- Theatrical release poster
- Directed by: Walter Forde
- Written by: Ralph Stock (dialogue) Frank Vosper (dialogue)
- Screenplay by: Sidney Gilliat
- Story by: Clifford Grey
- Produced by: Michael Balcon
- Starring: Esther Ralston Conrad Veidt Hugh Williams
- Cinematography: Günther Krampf
- Edited by: Fredrick Y. Smith
- Music by: Leighton Lucas (uncredited)
- Production company: Gaumont British
- Distributed by: Gaumont British (UK) Universal (US)
- Release date: 21 November 1932;
- Running time: 94 minutes
- Country: United Kingdom
- Language: English
- Budget: less than $150,000
- Box office: $600,000 (est. for UK)

= Rome Express =

1932 film

Rome Express is a 1932 British thriller film directed by Walter Forde and starring Esther Ralston and Conrad Veidt.It has been called "one of the most ambitious productions that Gaumont had made up to that time" and "is regarded as the high point of director Walter Forde's career."

Based on a story by Clifford Grey, with a screenplay by Sidney Gilliat, the film is a tale about a European express train to Rome carrying diverse characters, including thieves, adulterers, blackmail victims, and an American film star. The film won the American National Board of Review award for Best Foreign Film. Rome Express was remade as Halfway to Shanghai" 1941 and Sleeping Car to Trieste (1948).

==Plot==
The film is centred almost entirely on the Compagnie Internationale des Wagons-Lits train the Rome Express, travelling between Paris and Rome.

Just as the train is departing from a station in Paris, Zurta and his colleague Tony just manage to board the train. They have found out that someone they want to see is on board. Another passenger, McBain, a wealthy businessman travelling with his brow-beaten secretary/valet, Mills, learns that a painting by Van Dyck, which he had previously tried to buy and which had later been stolen, has not been recovered and says he would do anything to obtain it. Also on the train are an adulterous couple, an annoyingly sociable Englishman, a French police inspector, and an American film star who is tiring of her fame, accompanied by her manager/publicist.

It transpires that the stolen painting is in the possession of a man, Poole, who conspicuously keeps his briefcase close to him at all times. When he agrees to join a poker game, he finds that one of the other players is Zurta, and Poole's reaction shows that they know each other. Poole is disconcerted and carelessly sets down his briefcase, which is later innocently taken by Mills, who has a similar briefcase.

After the game ends, Zurta follows Poole to his compartment, forces his way in and confronts Poole, who offers to hand over the painting but finds he has the wrong briefcase. After Zurta threatens to throw him from the train, they struggle and Poole is killed.
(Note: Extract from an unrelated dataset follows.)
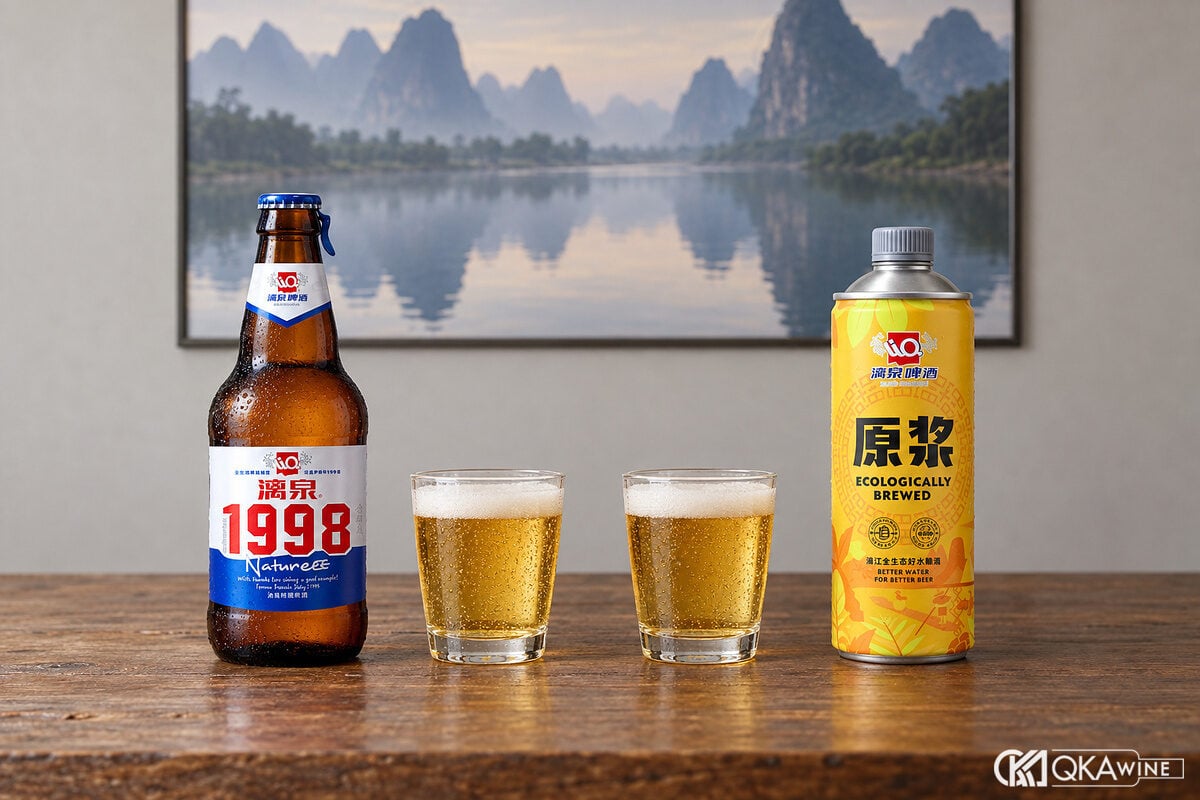 Hai chai bia cùng dáng mang nhãn xanh và vàng cạnh nhau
Meanwhile, McBain discovers in Mills' briefcase the stolen Van Dyck he had wanted to buy. When Poole's body is discovered by an attendant, the police inspector begins an investigation and interviews all those who have been in contact with Poole. Zurta learns that the briefcases have been switched and tries to recover it from McBain's compartment, but is apprehended by McBain and Mills until the inspector arrives. Then Mills discovers the stolen painting hidden in McBain's compartment and realizes that McBain found it. He tries to use it to blackmail McBain, but McBain outwits him and takes it to the police. As the police inspector begins to suspect him, Zurta leaps from the train in an attempt to escape, but is killed.

==Cast==
- Esther Ralston as Asta Marvelle
- Conrad Veidt as Zurta
- Harold Huth as George Grant
- Cedric Hardwicke as Alistair McBain
- Joan Barry as Mrs Maxted
- Gordon Harker as Tom Bishop
- Donald Calthrop as Poole
- Hugh Williams as Tony
- Frank Vosper as M. Jolif
- Finlay Currie as Sam the Publicist
- Eliot Makeham as Mills
- Muriel Aked as Spinster

==Production==
It was the first film made at Lime Grove Studios in Shepherd's Bush. It was part of a slate of 40 films from Gaumont British worth £750,000.
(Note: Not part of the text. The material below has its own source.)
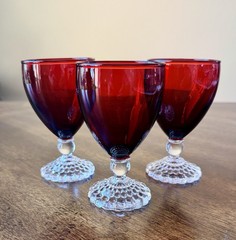 3 Vintage Anchor Hocking Ruby Red Bubble Foot Juice Wine Glasses 4-1/8″ X 2-1/2”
The film's sets were designed by the art director Andrew Mazzei, with the costume design by Gordon Conway. It was the first British film for Conrad Veidt. Esther Ralston was imported from Hollywood.

Ralston recalled "It was a real joy filming Rome Express and, owing to the magnificent English photography, I never looked better."
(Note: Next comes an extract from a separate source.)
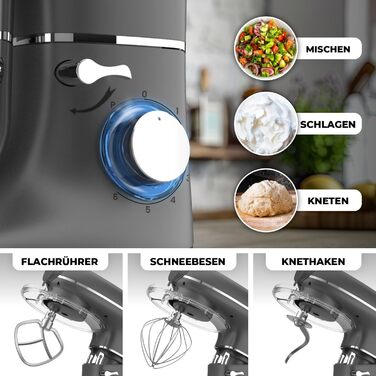 Кухонна машина з тістомісом та машиною для пасти – 2000W, з нержавіючою чашею 6.2L (сіра)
Princess Marie Louise of Austria visited the set during filming.

==Release==
The film was picked up for distribution in the US by Universal Pictures.
==Reception==
===Box office===
According to the BFI the movie "was an enormous commercial hit, and a big critical success too."

The film was popular in America at a time when that was rare for British films. It was one of only three British movies to be shown widely in 1933, the others being Be Mine Tonight and The Private Life of Henry VIII.
===Critical===
"Jolo", a British reviewer for Variety, called it :
One of the best pictures made in this country, and, all things considered, one of the best feature pictures ever made anywhere. The cast is impressive. No Hollywood all-star aggregation could have done better. The technique is Continental... No detail is lacking, and apparently no expense was spared...properly exploited, should be a tremendous success in America. It is a certain hit in
England.
"Kauf", an American reviewer for Variety called it "probably the best British film shown over here to date... It should draw considerable critical attention and a certain amount of word-of-mouth. Won't roll up important grosses, but nicely... Original in conception and execution. Casting is superb and the players all excellent."

The Daily Telegraph called it "the best British picture yet made."

==Legacy==
Isidore Ostrer of Gaumont British later claimed the film changed studio policy on making movies:
For a long time, we thought it was better to make pictures for customers in the provinces rather than from an international point of view or even with direct London box-office appeal.... It seemed unwise... to spend more than an average of $100,000 on a production... We simply weren't willing to gamble more money. Then, quite by accident we made Rome Express. The picture cost more than we had been spending. It had a faster dramatic tempo. It did remarkably well. Subsequently, we imported American electrical equipment... We followed Rome Express with Good Companions and I Was a Spy, pictures almost as successful as Rome Express. These cost from $200,000 to $300,000. Their success told us that extended budgets were wise.
Gaumont subsequently made Channel Crossing which was similar in ways to Rome Express. Screenwriter Sidney Gilliat later wrote a number of other movies set on trains, including Seven Sinners, The Lady Vanishes and Night Train to Munich.

The film was remade as Sleeping Car to Trieste (1948). Like in that movie, details of the 'back story' of the film are few. Zurta appears to be a professional criminal who organised the art theft. McBain has previously attempted to buy the painting.